A vendor is any ad-tech company that touches a visitor's data through a publisher's site but doesn't run that site itself. It has to register, declare what it does with data, and get listed before a compliant banner can pass it consent.
How many vendors are on the IAB Global Vendor List?
The GVL holds well over 1,000 registered vendors, and the count changes constantly as companies register, update, or get removed. No single published source currently agrees on an exact live total. Treat any precise number you see elsewhere as a snapshot, not a fixed figure.
Where can I download the IAB vendor list?
Humans can browse and search it at IAB Europe's Vendor List page. Software reads the machine-readable JSON feed, which republishes on a rolling basis.
What is the difference between the GVL and the CMP list?
The GVL lists ad-tech vendors that process data; the CMP list registers the consent platforms that collect visitor choices. They're separate IAB Europe registries with separate ID schemes.
Is the IAB Global Vendor List the same as the TCF?
No. The GVL is one component of the wider TCF, specifically the registry of approved vendors. The TCF also defines the consent string format, the CMP requirements, and the purpose and legal-basis rules the GVL entries follow.

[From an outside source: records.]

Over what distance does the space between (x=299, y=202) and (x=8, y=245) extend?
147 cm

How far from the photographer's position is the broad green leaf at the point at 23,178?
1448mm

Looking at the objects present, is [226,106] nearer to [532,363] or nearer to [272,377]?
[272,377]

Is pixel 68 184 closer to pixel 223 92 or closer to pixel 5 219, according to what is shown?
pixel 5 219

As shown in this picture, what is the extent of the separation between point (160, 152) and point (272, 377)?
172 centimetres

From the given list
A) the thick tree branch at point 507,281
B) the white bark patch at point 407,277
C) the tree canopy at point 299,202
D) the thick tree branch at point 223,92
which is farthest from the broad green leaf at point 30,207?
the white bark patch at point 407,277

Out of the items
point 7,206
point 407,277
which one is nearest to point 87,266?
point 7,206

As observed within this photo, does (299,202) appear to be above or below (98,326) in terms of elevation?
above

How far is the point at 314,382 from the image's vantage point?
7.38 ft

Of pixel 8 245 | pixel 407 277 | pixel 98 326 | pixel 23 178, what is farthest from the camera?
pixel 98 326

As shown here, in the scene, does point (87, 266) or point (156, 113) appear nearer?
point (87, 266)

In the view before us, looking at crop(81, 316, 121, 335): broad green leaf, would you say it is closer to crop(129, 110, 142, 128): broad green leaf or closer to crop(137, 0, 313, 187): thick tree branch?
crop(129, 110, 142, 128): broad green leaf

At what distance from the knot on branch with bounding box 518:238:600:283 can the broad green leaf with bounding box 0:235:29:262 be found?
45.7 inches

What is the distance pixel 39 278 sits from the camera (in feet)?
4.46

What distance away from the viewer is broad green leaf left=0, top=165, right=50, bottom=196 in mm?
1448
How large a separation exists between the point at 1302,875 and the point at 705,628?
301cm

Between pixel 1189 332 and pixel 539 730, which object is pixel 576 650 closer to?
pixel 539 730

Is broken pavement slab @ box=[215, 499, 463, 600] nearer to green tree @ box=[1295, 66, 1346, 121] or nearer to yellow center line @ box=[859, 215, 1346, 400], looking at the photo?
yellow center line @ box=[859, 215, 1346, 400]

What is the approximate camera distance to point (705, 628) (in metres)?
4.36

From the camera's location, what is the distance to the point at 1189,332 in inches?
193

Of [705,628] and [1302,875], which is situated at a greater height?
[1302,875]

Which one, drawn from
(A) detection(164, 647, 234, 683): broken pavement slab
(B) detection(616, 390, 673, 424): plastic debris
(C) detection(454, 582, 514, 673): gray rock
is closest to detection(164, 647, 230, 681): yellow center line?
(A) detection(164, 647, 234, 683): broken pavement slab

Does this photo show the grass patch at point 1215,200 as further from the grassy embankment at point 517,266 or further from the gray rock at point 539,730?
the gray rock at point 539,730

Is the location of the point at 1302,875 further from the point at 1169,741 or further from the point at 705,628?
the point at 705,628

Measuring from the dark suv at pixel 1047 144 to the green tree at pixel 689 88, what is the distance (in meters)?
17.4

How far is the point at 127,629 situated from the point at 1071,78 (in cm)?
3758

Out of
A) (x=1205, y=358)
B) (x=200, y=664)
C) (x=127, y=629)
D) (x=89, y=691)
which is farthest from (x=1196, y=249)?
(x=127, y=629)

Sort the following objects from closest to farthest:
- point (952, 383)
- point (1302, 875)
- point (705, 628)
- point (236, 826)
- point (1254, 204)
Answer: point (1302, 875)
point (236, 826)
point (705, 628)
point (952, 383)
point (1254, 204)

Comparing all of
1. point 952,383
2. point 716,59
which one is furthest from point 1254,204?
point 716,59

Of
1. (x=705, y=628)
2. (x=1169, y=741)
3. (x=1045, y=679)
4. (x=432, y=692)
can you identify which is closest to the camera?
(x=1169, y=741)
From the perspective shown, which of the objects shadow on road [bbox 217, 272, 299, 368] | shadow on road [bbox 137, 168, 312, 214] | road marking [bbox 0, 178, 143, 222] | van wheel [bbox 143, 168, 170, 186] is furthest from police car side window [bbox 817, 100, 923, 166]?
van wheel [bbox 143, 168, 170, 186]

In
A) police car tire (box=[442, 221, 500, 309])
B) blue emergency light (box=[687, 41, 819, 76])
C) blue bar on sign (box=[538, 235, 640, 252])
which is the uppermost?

Can I remove or disable IAB vendors?
Yes, a CMP's preference center lets visitors toggle vendors individually or by category, and publishers configure which vendors appear at all. In practice, opting out of every vendor on a large banner can mean deselecting well over 100 entries one at a time. That friction is a genuine usability complaint from visitors.
What is a TCF vendor ID?
A TCF vendor ID is the permanent numeric identifier assigned when a vendor registers with the GVL. It's referenced inside the TC String instead of the vendor's name, and it's never reused even after a vendor is removed.